The folks at 3 Stars Brewing know how to party.
Start off with the three basic food groups: Beer from their own stocks; oysters from Rappahannock Oyster Co., and barbecue from Smoke and Barrel. Stir, which yields the 2013 Oyster and BBQ Throwdown. Let rest, then add Green Hat Gin, Gordy's Pickle Jar and other vendors, as well as a few hundred people from all over the capital region and you've got a different kind of block party.
"Have you ever had smoked pickle?" a Smoke and Barrel meat-slinger asked. Who could ignore an invitation like that?
Washington has seen incredible growth in the past 15 years, attracting a wide span of educated creative, artistic and political types from across the country. They've repopulated areas left for dead in the 1990s (H Street, Columbia Heights, Shaw, Petworth) and, contrary to popular wisdom, have stuck around the city after having kids.

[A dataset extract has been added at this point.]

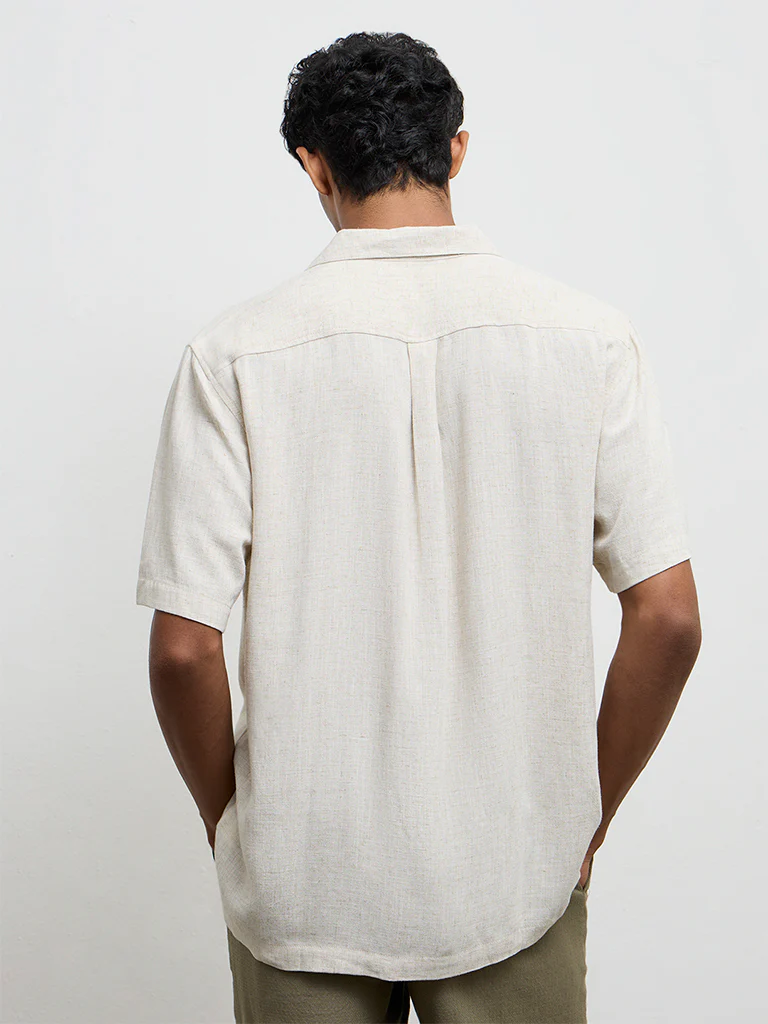 ETA Off-White Solid Relaxed-Fit Shirt - Image 4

The scene at Sunday's throwdown might have centered around alcoholic beverages and smoked meats and was designed to appeal to the cool class in D.C. But the vibe was family friendly, as evidenced by the large number of little kids hanging out with their parents, strapped into Baby Bjorns and in strollers. "I know. We're leaving soon. Your father is filling up his growlers," one nap-conscious mom was overheard saying to her toddler.
In almost every way, the 3 Stars gathering resembled a summer-time neighborhood block party in Baltimore, Brooklyn or Philadelphia. Heck, even the police showed up, and were shown around by owner Dave Coleman.
But this neighborhood block party was a gathering from across D.C., a resurgent part of the population in Washington that spreads far across any one neighborhood in the nation's capital. And they like their beer.